An early morning for us. We had to be at McCormick Place for an 8:30am presentation hosted by Susie. She wanted to be there early to make sure the room was set up properly . We grabbed a quick Starbucks breakfast at the hotel and checked out by 7am. We figured that we may run into a lot of traffic heading south on Michigan Avenue, but none materialized and we were in the parking lot by 7:15am.

The presentation went very well and attendance was around 75, more than double the number we saw last year. After the meeting we walked slowly to the Hyatt Regency McCormick Place for a luncheon… we had a lot of time to kill. At 2pm we were in the car heading down I-55 to Joliet. Encountering no traffic, we made it to our hotel in under an hour.

June 27th

The main reason we stopped in Joliet was to visit Kathy, a quilting friend of Susie’s at our winter home in Sarasota, FL. We planned to be there at around 11:30am, spend an hour or so and head to Springfield. By the time we finished the visit at her home and at the farm it was 2pm… time flies when you are having a good time.

Unfortunately, the good time in Joliet cut into our time visiting Abraham Lincoln landmarks in Springfield. The first place we visited was Lincoln’s Tomb in Oak Ridge Cemetery (the 2nd most visited cemetery in the U.S. – the first is Arlington). Susie stayed on a bench outside, while I went inside the tomb, see pictures below.

We then drove to Lincoln Home National Historic Site.

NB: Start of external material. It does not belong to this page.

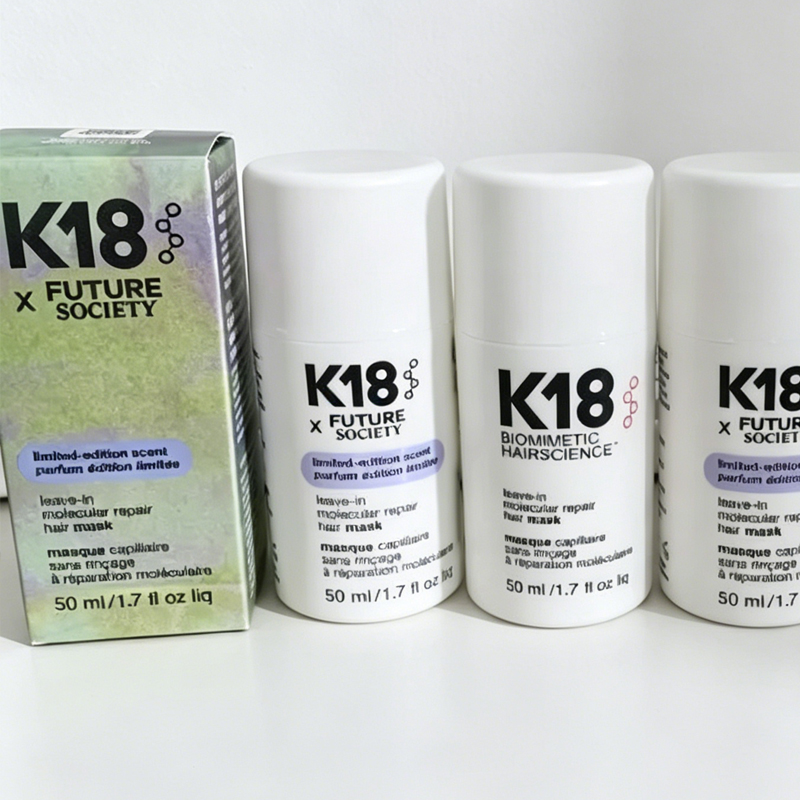 New 50ml 150ml K18 Leave-In Mo - Hair Care K18 recension och pris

There was a wait to get a tour inside the home so I had contend myself with pictures of the exterior. This is an interesting site, with many of the original neighboring homes open to the public.

After leaving Lincoln’s home we headed to Hannibal, MO, our destination for the night. Tomorrow we will have more time to visit Mark Twain’s home town.

Lincoln’s Tomb
Detail of Lincoln Tomb upper section. This section was closed to the public  because of the damage caused by the passage of several million visitors.
There is a superstition that say if you rub Lincoln’s nose you will have good luck. The nose is brightly polished bronze while the rest of the bust has darkened with time. Of course, I was looking for some good luck.
A reproduction of the statue in the Lincoln Memorial greets you at the entrance of the tomb.
Lincoln’s Grave. The coffin is encased in concrete several feet below the floor. After Lincoln was buried, southern sympathizers plotted to steal Lincoln’s coffin. The plot was foiled and the coffin was entombed in concrete to make it impossible to steal. Mary Todd Lincoln and three of their four sons are also buried in an adjacent area.
This is a representation of Lincoln as a circuit riding frontier lawyer.
Lincoln during the Civil war
Lincoln’s Springfield Home.
A Lincoln Campaign wagon on the street near his home.